I'm planning to have him compliment them on seeing through his plans and so completely ruining a lot of them.

I expect them to blink and go, "...huh?"

Yeah I agree. I love that playing RT, the PCs have a ton of agency, they can go about conquering sectors/go on a pilgrimage to Tera/establish a giant casino on an asteroid next to Footfall. Anything! They have the resources, skills, ambition, and fate points to do anything, and I love it.

At the same time this means that for when I'm GMing at least, we have a meta game understanding, any sort of endeavor the players come up with, they need to inform me about ahead of time. So I can put some thought into the hows and whos that would likely be involved. And if they don't have an adventurer planned, I'll just send them some plot hook via their intelligence network. It's the gentlemen's agreement that their PCs can do anything they can think of, but as a GM while I'm totally willing to facilitate that, if it's something big I need a little time to prepare. I imagine that's how most RT GMs go about things.

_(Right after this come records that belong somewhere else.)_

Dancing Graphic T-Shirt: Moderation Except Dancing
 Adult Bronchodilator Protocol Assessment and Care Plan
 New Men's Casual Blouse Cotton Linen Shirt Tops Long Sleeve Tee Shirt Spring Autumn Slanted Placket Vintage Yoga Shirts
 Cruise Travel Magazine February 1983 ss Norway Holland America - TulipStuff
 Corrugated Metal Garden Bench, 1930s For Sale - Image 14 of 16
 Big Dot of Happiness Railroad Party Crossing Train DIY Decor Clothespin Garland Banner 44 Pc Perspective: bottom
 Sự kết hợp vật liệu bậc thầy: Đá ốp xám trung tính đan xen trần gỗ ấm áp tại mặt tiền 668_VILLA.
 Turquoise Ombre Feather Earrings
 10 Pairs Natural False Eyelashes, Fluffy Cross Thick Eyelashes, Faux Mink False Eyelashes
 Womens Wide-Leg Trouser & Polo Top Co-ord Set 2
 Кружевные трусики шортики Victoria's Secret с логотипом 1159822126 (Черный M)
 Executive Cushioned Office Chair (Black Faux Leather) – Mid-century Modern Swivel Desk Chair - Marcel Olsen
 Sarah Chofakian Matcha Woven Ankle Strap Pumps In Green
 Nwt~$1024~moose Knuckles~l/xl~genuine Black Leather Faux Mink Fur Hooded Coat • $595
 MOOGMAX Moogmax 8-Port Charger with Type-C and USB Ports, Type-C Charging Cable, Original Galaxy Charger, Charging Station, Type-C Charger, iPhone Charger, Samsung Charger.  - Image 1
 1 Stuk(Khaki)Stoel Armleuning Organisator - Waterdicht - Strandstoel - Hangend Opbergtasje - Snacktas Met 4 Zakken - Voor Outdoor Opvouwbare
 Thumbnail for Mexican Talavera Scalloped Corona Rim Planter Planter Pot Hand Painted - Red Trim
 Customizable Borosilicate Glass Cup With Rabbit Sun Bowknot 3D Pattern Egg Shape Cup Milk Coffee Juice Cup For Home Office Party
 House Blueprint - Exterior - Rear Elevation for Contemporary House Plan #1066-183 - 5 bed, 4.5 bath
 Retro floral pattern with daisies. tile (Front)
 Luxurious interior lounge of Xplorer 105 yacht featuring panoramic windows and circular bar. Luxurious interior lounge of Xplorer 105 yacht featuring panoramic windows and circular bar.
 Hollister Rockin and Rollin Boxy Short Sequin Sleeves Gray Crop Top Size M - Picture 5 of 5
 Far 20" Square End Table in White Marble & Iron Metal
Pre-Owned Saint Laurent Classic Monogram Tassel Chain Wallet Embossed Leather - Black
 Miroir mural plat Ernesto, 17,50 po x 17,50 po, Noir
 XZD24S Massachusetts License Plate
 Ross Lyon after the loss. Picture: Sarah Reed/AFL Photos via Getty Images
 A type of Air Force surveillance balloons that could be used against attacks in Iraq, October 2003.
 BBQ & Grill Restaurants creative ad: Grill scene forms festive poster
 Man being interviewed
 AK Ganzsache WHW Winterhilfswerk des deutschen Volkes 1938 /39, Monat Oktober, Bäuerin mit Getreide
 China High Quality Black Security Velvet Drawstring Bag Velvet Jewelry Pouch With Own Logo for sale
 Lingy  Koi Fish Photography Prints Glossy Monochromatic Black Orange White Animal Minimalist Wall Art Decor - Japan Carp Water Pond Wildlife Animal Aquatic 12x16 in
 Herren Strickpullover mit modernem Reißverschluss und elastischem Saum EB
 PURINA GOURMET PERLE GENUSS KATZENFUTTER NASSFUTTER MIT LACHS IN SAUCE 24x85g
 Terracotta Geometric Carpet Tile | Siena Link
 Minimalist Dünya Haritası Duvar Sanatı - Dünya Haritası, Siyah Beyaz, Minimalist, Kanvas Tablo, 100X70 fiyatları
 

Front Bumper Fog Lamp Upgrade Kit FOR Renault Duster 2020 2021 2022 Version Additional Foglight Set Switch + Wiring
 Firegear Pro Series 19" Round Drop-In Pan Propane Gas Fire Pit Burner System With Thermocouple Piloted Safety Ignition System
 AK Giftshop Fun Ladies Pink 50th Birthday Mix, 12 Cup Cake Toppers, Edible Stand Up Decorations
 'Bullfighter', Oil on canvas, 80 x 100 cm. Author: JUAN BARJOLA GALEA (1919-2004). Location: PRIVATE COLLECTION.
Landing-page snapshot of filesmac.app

A few times as a player, I've been in sessions where we did trade. Including bringing a massive hold full of ores from Sephirus Secundus to forges. Another time, literal tonnes of opiates to Footfall.

My take on rogue traders is that they're best suited to forging a path for chartist captains to follow. Anyone with a ship can move cargo from safe and known point A to safe and known point B. But only rogue traders can head out to unknown point Z to check it out.

Edited by Decessor

I've never drawn up more than an initial adventure to get the ball rolling, and so far that's been a reason for them to be in Koronus Expanse in the first place. I knew ahead of time that one of my parties was going to be difficult so the game started with the chase scene. "You're in command of a 2-mile long vessel. You're currently running from 4 1-mile long vessels....and don't come back until you can whup our @sses!"

I find out what they want to do and draw that up. That means I don't have to throw away a scenario because the party doesn't bite at the bait. I just give them rumors and watch to see which they investigate. That's all I need to draw up, and not too much in advance either, since I've watched parties give up on some endeavors.

But trade? Yes, all the time.

"What? The natives won't slave away in the mines for us? Send in the landing parties!"

"You can't. You left them occupying the last planet you treated this way."

"****! I guess we'll have to negotiate for their unobtainium."

"The natives want real food, maternity leave, health care, and paid vacations."

"That's all? That doesn't cost me anything. We agree."

"You'll be collecting 1 PF from this planet when you station a ship on this trade route."

"You said it would be 2 PF."

"That was before the real food, maternity leave, health care, and paid vacations."

Trade.

And trade routes.

"The planet isn't worth anything to your PF until you station a ship on the trade route. We can run that as a side endeavor performed by NPCs if you don't want to make that planet part of your primary ship's circuit."